Sep 2009

#django
#mptt
#tree

Using Django-MPTT: lessons learned...


Here we are again with Django and MPTT 0.3 (I already have other posts about it). After working with it for a bit I realized that things were breaking mysteriously, and only recently understood why that happened, so I thought I'd share this pearl of wisdom. Essentially this has to do with the way tree-elements must be created if you want the usual tree-navigation methods (e.g. get_descendants or get_ancestors) to work as expected.

Suppose your Django model looks like this:

from django.db import models

import mptt

class PossessionNew(models.Model):
    possname = models.CharField(max_length=50, unique=True)
    parent = models.ForeignKey('self', null=True, blank=True, related_name='children')

mptt.register(PossessionNew,)

Suppose now that you want to start instantiating the PossessionNew model (sorry about the name, it's just taken out the context of the application I was working on).

In my case I was creating the tree from other data which needed some pre-processing in order to determine the hierarchical information, so I thought I'd create first all the instances, and then 'link' them by setting their .parent attribute as needed. This turned out to be the wrong way of doing it. In other words, what I did was this: first, creating the instances, and second, create the relationships. E.g.:

bash-3.2$ ./runshell.my
Python 2.5.1 (r251:54863, Sep 11 2008, 14:17:35)
[GCC 4.0.1 (Apple Computer, Inc. build 5250)] on darwin
Type "help", "copyright", "credits" or "license" for more information.
(InteractiveConsole)
>>> from poms.pomsapp.models import *
>>> p1 = PossessionNew(possname="test11")
>>> p2 = PossessionNew(possname="test22")
>>> p3 = PossessionNew(possname="test33")
>>> p1.save()
>>> p2.save()
>>> p3.save()
>>> p3.parent = p2
>>> p2.parent = p1
>>> p3.save()
>>> p2.save()

Everything seemed to work fine and it also looked fine on the admin interface. However, things didn't work when trying to use MPTT APIs. For example, after restarting the shell:

>>> p2 = PossessionNew.objects.get(possname="test22")
>>> p2.get_children()
[]  # weird!
>>> p2.get_
p2.get_ancestors               p2.get_descendants             p2.get_next_sibling            p2.get_previous_sibling
p2.get_children                p2.get_next_by_created_at      p2.get_previous_by_created_at  p2.get_root
p2.get_descendant_count        p2.get_next_by_updated_at      p2.get_previous_by_updated_at  p2.get_siblings
>>> p2.parent

\>>> p2.children.all()
[\]
\>>> p2.get_ancestors()
[\]
\>>> p2.get_descendants()
[] # weird!

As you can see, we have some erratic behavior here, in fact the get_descendants and other similar methods don't produce the desired output..

I soon realized that the error lies in the fact that when creating children manually - e.g. by setting the .parent attribute of an instance - the other fields needed for MPTT to manage the tree are not updated.

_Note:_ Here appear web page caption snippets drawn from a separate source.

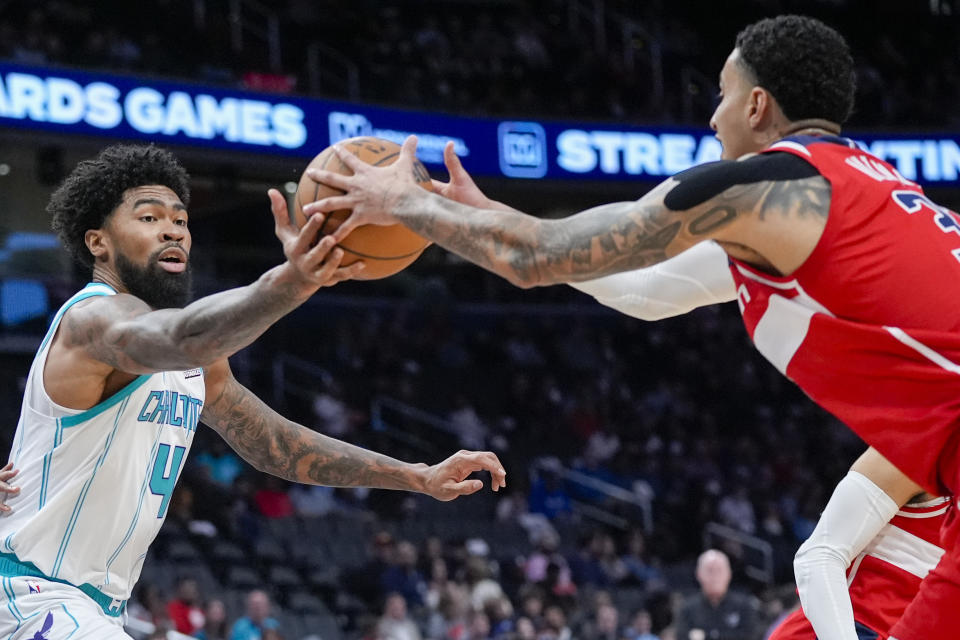 Charlotte Hornets center Nick Richards (4) can't grab a rebound from Washington Wizards forward Kyle Kuzma (33) during the first half of an NBA basketball game Friday, March 8, 2024, in Washington. (AP Photo/Alex Brandon)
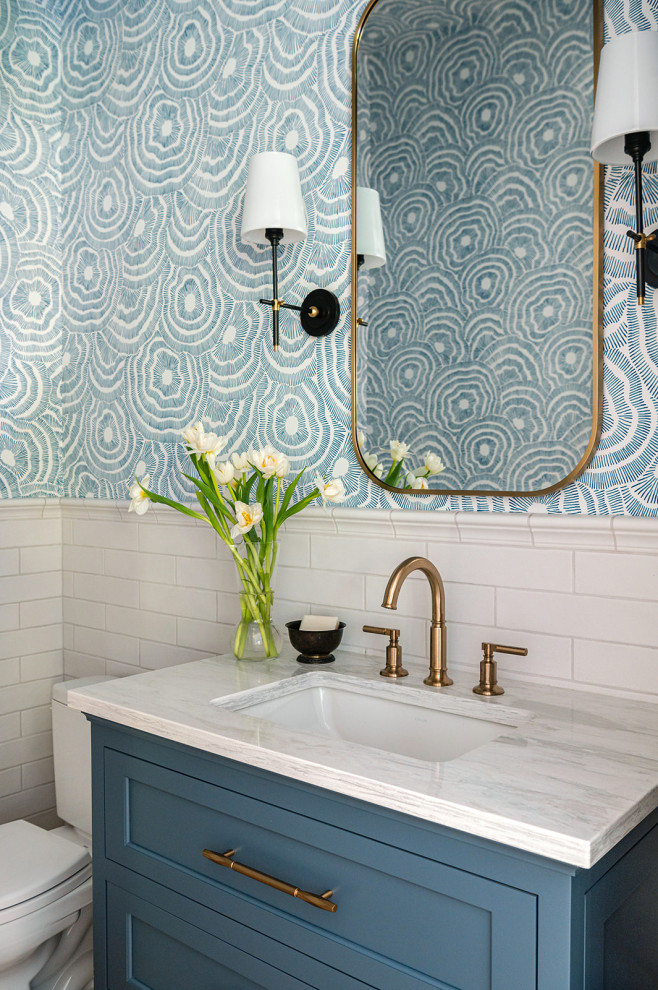 Powder room - small coastal white tile and subway tile wallpaper powder room idea in Grand Rapids with shaker cabinets, blue cabinets, a two-piece toilet, blue walls, an undermount sink, marble countertops, white countertops and a freestanding vanity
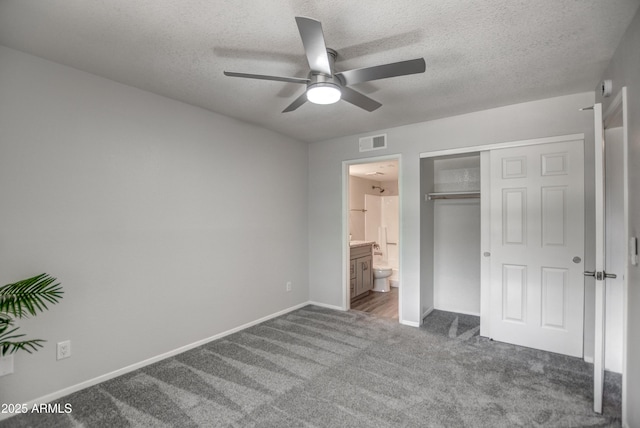 unfurnished bedroom featuring ensuite bath, a textured ceiling, carpet flooring, a closet, and ceiling fan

So, here's the right way of doing this. When operating with the tree you must always use the insert_at and move_to methods that come with the MPTT library. So, for example:

>>> p3 = PossessionNew(possname = "test333")
>>> p1 = PossessionNew(possname = "test111")
>>> p2 = PossessionNew(possname = "test222")
>>> p1.save()
>>> p2.save()
>>> p3.save()
>>> p2.move_to(p1)
>>> p3.move_to(p2)

[Update 17/11/10:] almost by chance, I finally understood what the problem was here.. mptt has a problem with updating instances already stored in memory. What follows is still valid, but there are other ways around the problem too eg. check this link too.

Now let's check again whether the model inheritance works all right (I usually have to restart the shell in order to check this, otherwise the modifications are not loaded properly. I haven't figured out yet why this happens...):

>>> p2 = PossessionNew.objects.get(possname = "test222")
>>> p2.get_descendants()
[\]
\>>> p2.get_ancestors()
[<PossessionNew: test111>]

Now it all makes more sense, doesn't it? Notice that in this case we used the move_to method. We could also have used insert_at (check the docs). Remember also that we've been using these methods with instances up to now (=instance methods). If necessary, you could also achieve the same results by means of the TreeManager custom manager (=custom manager methods). So, for example:

>>> p1 = PossessionNew(possname = "test11")
>>> PossessionNew.tree.insert_node(p1, None, commit=True)

\>>> p2 = PossessionNew(possname = "test22")
>>> PossessionNew.tree.insert_node(p2, p1, commit=True)

\>>> p3 = PossessionNew(possname = "test33")
>>> PossessionNew.tree.insert_node(p3, p2, commit=True)
<PossessionNew: test33>

That's it. Follows a list of the model instance methods MPTT makes available:

get_ancestors(ascending=False) -- creates a QuerySet containing the ancestors of the model instance. These default to being in descending order (root ancestor first, immediate parent last); passing True for the ascending argument will reverse the ordering (immediate parent first, root ancestor last).

get_children() -- creates a QuerySet containing the immediate children of the model instance, in tree order. The benefit of using this method over the reverse relation provided by the ORM to the instance's children is that a database query can be avoided in the case where the instance is a leaf node (it has no children).

get_descendants(include_self=False) -- creates a QuerySet containing descendants of the model instance, in tree order. If include_self is True, the QuerySet will also include the model instance itself.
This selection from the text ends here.